Uygulanan politikalar adil olmuyorsa, dengeli bir paylaşım olmuyorsa, örneğin kapitalizmde olduğu gibi sermayeyi ön planda tutuyorsa, güçlü olanın zayıf olanı ezdiği, zengini daha zengin yaptığı politikalar söz konusu olmuş olur. Diğer taraftan ortaya çıkan ihtiyaç sahibi insanlara ilaveten, ayrıca bunlara eklenen insanlar da ortaya çıkacaktır. Diyelim ki, bir yarış var ve bu yarışın içerisinde bazı insanlar kapasiteleri az olduğu için yarışmalara katılamıyorlar ve en nihayetinde bir de koyulan kurallar güçlünün yanındaysa, o zaman diğerleri hiç bir zaman yarışı kazanamaz. Halbuki Allah'u Teâla kurallar koymuştur. Bu kurallara uyduğunuz takdirde ihtiyaç sahiplerinin hem sayısı azalacaktır hem de var olan ihtiyaç sahiplerinin de ihtiyaçları giderilecektir.

Bizim inancımıza göre, "mülk Allah'ındır". Buna inandığımız için de, değerlendirmemizi ona göre yapıyoruz. Bizim medeniyetimizin temelinde bu vardır. Halbuki Batı medeniyetinde bu yoktur. Batı medeniyeti, "mülk insanındır" diye bakmakta ve istedikleri gibi onu hoyratça kullanmaktadır. Bunun dışında, Kur'an-ı Kerim de, infak etmekten ve zekat vermekten bahseder ve bunların zorunlu olduğunu söyler. Dolayısıyla, rejimler, Allah'ın koyduğu kurallara ne kadar yakınsa, o kadar mutlu olurlar. Tarihte bazı dönemlerde, Allah'ın koyduğu kurallara uygun hareket eden sistemler olunca, fakir insanların sayısı azalmıştır. Dolayısıyla sosyal devletler, uyguladığı ekonomik rejimlere bağlı olarak muhtaç insanların sayısını azaltabilir veya arttırabilir. Sistem, korunmaya muhtaç insan sayısını arttırıyorsa, devlet, koruyucu tedbirler alması gerekir. Korunmaya muhtaç insan üreten devletler, sosyal devlet olma politikalarını da kaybediyorlar ve buralarda daha ciddi sorunlar ortaya çıkıyor. 

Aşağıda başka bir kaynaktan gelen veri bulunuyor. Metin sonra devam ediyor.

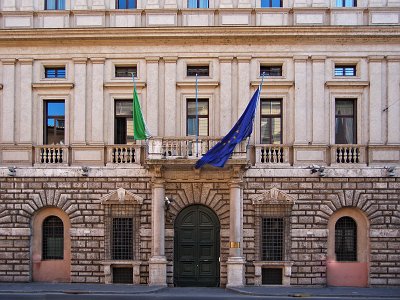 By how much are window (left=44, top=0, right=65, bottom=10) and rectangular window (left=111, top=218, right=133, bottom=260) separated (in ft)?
30.9

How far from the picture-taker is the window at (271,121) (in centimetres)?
2242

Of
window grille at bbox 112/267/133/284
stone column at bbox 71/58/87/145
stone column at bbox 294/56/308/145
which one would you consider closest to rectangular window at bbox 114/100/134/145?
stone column at bbox 71/58/87/145

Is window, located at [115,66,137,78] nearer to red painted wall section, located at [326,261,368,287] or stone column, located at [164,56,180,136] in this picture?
stone column, located at [164,56,180,136]

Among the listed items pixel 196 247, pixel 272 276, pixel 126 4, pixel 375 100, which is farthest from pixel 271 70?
pixel 272 276

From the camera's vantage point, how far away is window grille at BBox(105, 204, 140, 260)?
22.0 m

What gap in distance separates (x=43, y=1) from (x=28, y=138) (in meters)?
5.96

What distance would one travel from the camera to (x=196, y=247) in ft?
72.0

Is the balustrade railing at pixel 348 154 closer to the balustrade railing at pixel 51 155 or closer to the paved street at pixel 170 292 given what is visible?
the paved street at pixel 170 292

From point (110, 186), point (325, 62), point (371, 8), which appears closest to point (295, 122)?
point (325, 62)

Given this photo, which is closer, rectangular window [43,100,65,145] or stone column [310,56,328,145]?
stone column [310,56,328,145]

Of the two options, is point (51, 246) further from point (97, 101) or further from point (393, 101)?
point (393, 101)

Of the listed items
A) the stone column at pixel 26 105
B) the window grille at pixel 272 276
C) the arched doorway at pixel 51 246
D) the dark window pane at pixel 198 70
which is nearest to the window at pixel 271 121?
the dark window pane at pixel 198 70

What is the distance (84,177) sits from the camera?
2202 cm

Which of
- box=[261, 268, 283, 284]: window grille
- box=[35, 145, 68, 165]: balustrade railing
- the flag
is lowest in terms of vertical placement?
box=[261, 268, 283, 284]: window grille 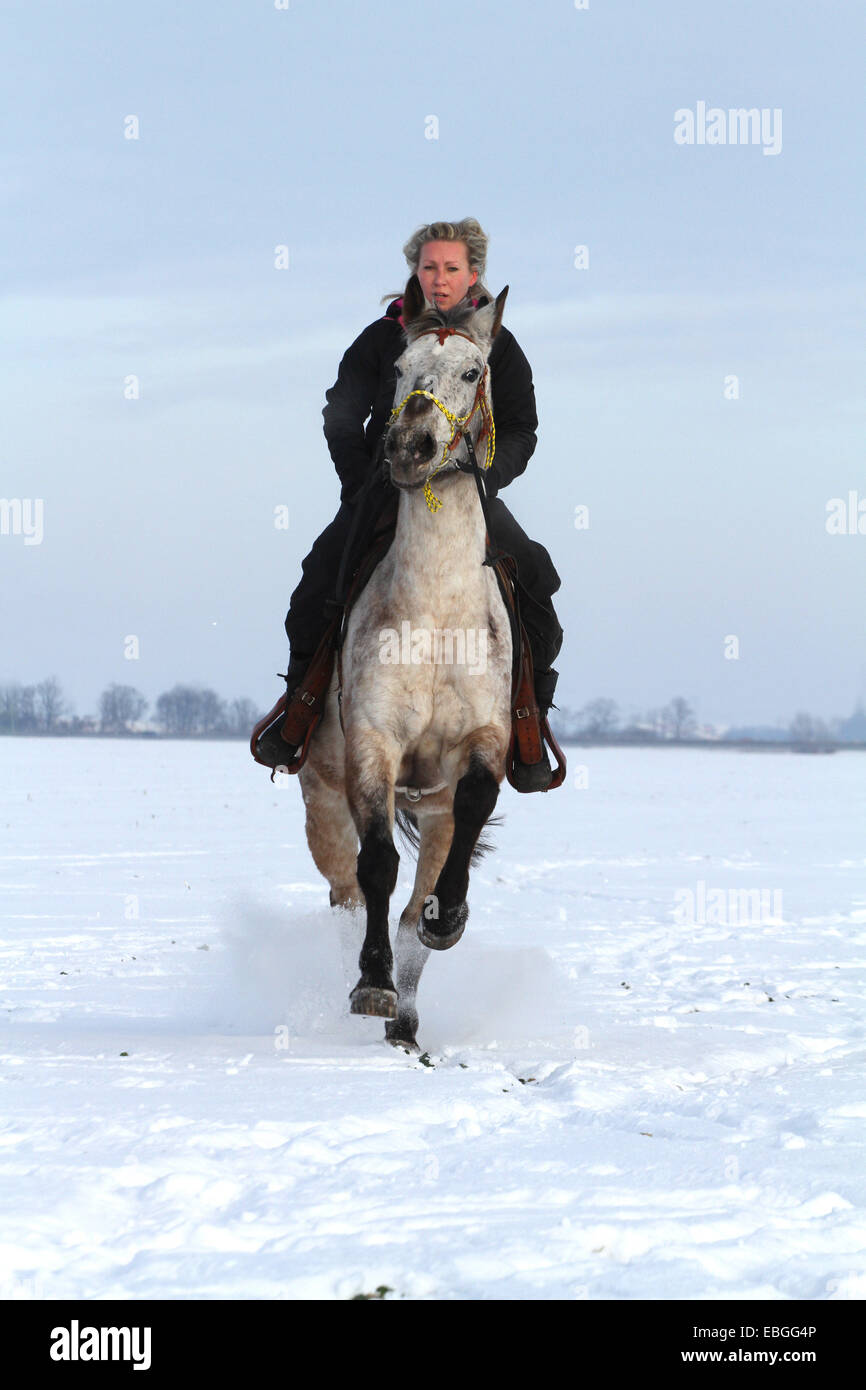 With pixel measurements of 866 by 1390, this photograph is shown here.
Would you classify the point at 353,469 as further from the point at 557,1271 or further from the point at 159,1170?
the point at 557,1271

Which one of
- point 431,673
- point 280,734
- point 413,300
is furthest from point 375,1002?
point 413,300

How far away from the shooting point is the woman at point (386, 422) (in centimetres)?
707

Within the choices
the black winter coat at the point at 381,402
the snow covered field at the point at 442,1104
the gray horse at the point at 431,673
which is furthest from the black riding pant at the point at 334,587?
the snow covered field at the point at 442,1104

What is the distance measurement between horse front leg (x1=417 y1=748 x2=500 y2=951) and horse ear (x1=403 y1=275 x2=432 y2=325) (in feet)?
7.03

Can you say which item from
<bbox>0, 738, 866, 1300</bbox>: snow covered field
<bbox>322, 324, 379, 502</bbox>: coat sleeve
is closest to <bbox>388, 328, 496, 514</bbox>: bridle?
<bbox>322, 324, 379, 502</bbox>: coat sleeve

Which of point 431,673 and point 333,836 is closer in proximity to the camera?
point 431,673

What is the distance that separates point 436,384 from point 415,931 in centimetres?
271

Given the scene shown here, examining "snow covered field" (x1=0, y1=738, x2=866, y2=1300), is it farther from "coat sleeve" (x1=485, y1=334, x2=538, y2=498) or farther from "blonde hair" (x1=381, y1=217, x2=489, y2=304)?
"blonde hair" (x1=381, y1=217, x2=489, y2=304)

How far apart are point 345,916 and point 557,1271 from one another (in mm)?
4824

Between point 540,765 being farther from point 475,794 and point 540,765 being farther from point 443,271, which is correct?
point 443,271

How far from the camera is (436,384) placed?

Mesela, bugün dünyada milyonlarca insan, bakımsızlıktan, birtakım basit hastalıklardan ölmektedir. Devletler, ellerindeki kaynağı fakir bölgelere aktarması halinde bu sorunlar bitecekken, fakir ülkelerde insanlar ölmektedir.


Küreselleşme ile birlikte, sosyal devlet nasıl bir dönüşüm geçiriyor? Bu süreçte uluslararası kuruluşlar nasıl bir rol oynuyorlar?

Küreselleşme denilen olay, tamamen yalan. İnsanları aldatmaya yönelik birtakım süslü ve makyajlı sözlerden ibaret olan sömürgeci bir anlayışın vitrini. İlk duyulduğunda, insan hakları, demokrasi ve buna benzer birtakım sloganlarla ortaya çıktılar. "Dünya bir köy kadar küçülmüş, dünyanın hiçbir yerinde insanlar baskı altında tutulmayacak, işkence yapılmayacak" gibi sloganlar kullandılar; hatta Avrupa Birliği (AB) de bu sloganları kullandı. Avrupa İnsan Hakları Mahkemesi vb. kurumlar ortaya çıktı. Daha sonra anlaşıldı ki, buralarda, ayrımcılık yapılan bir düzen öngördüğü ortaya çıkmıştır. 

Kısaca, küreselleşme lafları, kanaatime göre, itibar edilmemesi gereken üstü örtülmüş, altı kirli bir yapıdır.

Burada medeniyetler de önemli. Eskiden bizim toplumumuzun yaşadığı çok güzel bir yardımlaşma duygusu vardı. "Komşusu açken tok yatılmaması" gerektiğine inanılan bir duydu. Zekat vermemenin çok büyük günah olduğu duygusu. Batı, bizim medeniyeti değiştirmek için kavramların içlerini boşalttı. Toplumlara, kendi kültürlerini yerleştirmeye çalıştılar. Bunu da çağdaşlaşma ve batılılaşma adına yaptılar. Bunlar da toplumumuzun dokusunu bozdu.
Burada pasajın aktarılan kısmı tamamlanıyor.